-- Opening Marker --

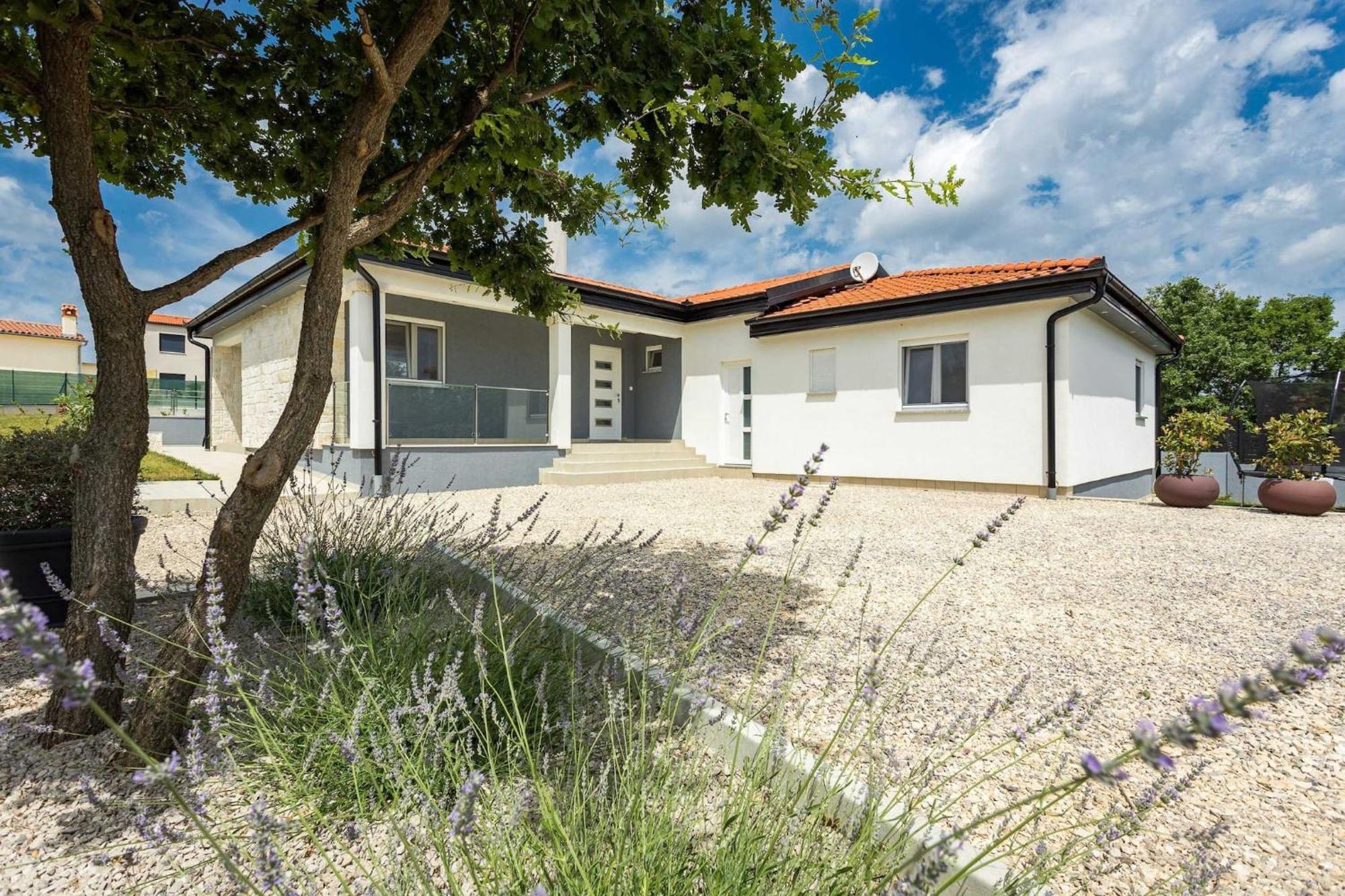 לאבין Holiday Home Greta מראה חיצוני תמונה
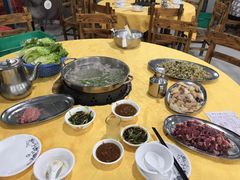 -五洞培记山庄·鲜牛肉火锅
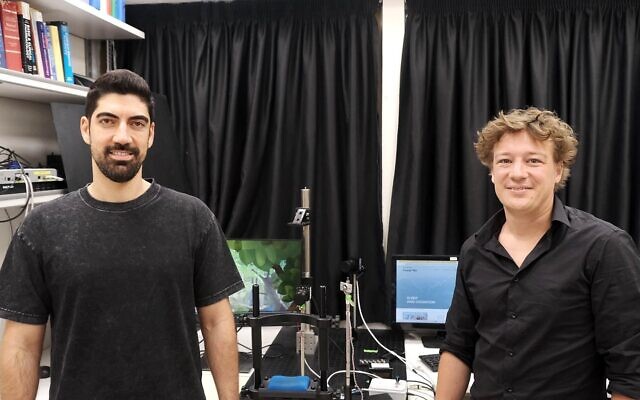 Le Pr. Daniel Yamin (à gauche) et le Dr. Flavio Jean Schmidig, de l'université de Tel Aviv. (Crédit : Université de Tel Aviv)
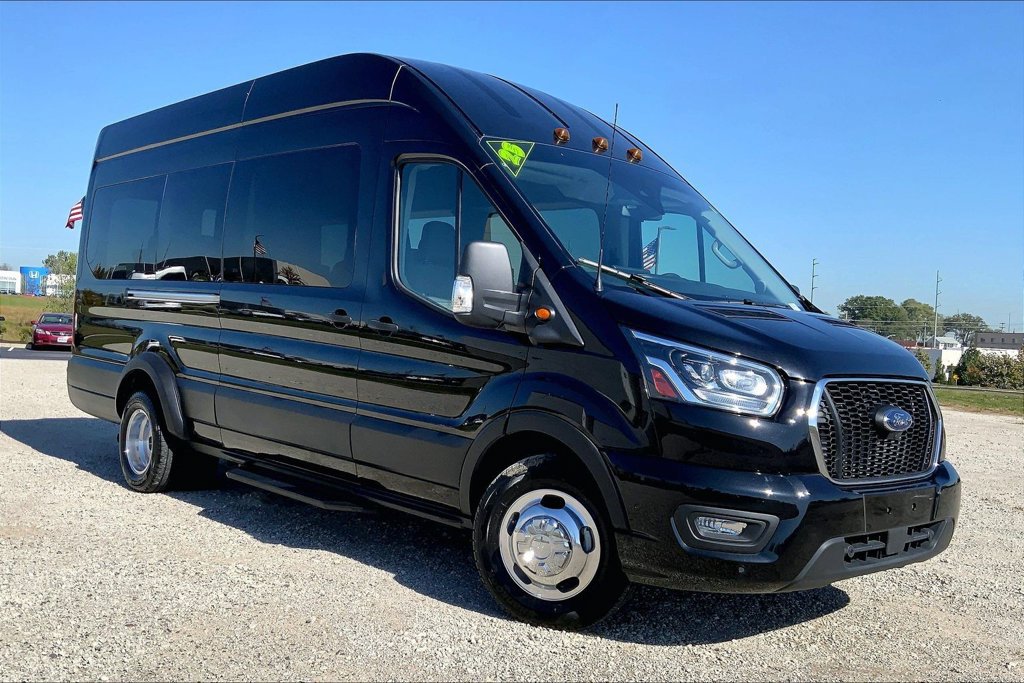 Used 2025 Ford Transit 350 XLT AWD/4WD image 32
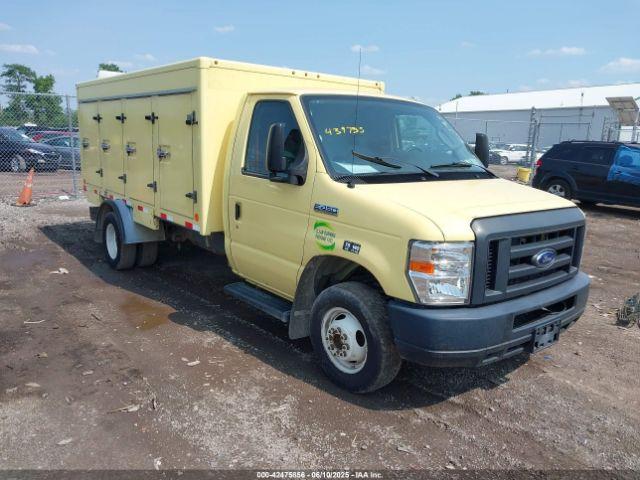  Salvage Ford E-450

-- Closing Marker --

WHAT IS EXPECTED >> Return the records above exactly, without the pictures.

YOUR RESPONSE >>
 לאבין Holiday Home Greta מראה חיצוני תמונה
 -五洞培记山庄·鲜牛肉火锅
 Le Pr. Daniel Yamin (à gauche) et le Dr. Flavio Jean Schmidig, de l'université de Tel Aviv. (Crédit : Université de Tel Aviv)
 Used 2025 Ford Transit 350 XLT AWD/4WD image 32
  Salvage Ford E-450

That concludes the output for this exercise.